- Interactive map of Elk Point
- Coordinates: 52°9′11″N 106°44′56″W﻿ / ﻿52.15306°N 106.74889°W
- Country: Canada
- Province: Saskatchewan
- City: Saskatoon
- Suburban Development Area: Blairmore
- Construction: 2013—Ongoing

Government
- • Type: Municipal (Ward 4)
- • Administrative body: Saskatoon City Council
- • Councillor: Troy Davies

Area
- • Total: 2.31 km^{2} (0.89 sq mi)

Population
- • Total: 10,290 (est. upon buildout)
- • Average Income: $
- Time zone: UTC-6 (UTC)

= Elk Point, Saskatoon =

Elk Point is a proposed residential neighbourhood in Saskatoon, Saskatchewan, north of 33rd Street and west of the Dundonald community. It will be the second primarily residential neighbourhood to be developed in the city's Blairmore Sector.

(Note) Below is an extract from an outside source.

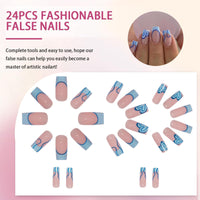 Mikloven 24PCS Blue Geometric French Tip Press-On Nails With Jelly Glue & Applicator Tool - Short Square Reusable Acrylic False Nail Kit For Women - Eco-Friendly Durable Multi-Size Manicure Set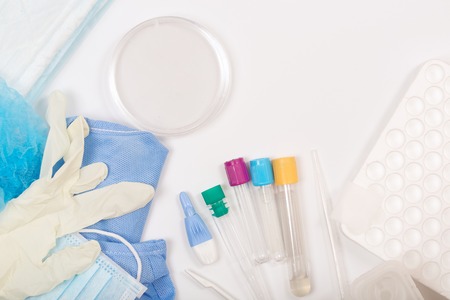 Instruments and means for taking medical laboratory analysis. Overhead perspective.の写真素材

The neighbourhood is expected to accommodate a mix of housing options while supporting connectivity for all modes of transportation. Upon completion, Elk Point is expected to be home to approximately 10,000 residents. As of April 2017, Elk Point was in the planning phase.

Some early servicing work was already underway by the spring of 2017, prior to the community plan being officially presented to Saskatoon City Council. As of early 2019, full development of the community had yet to commence.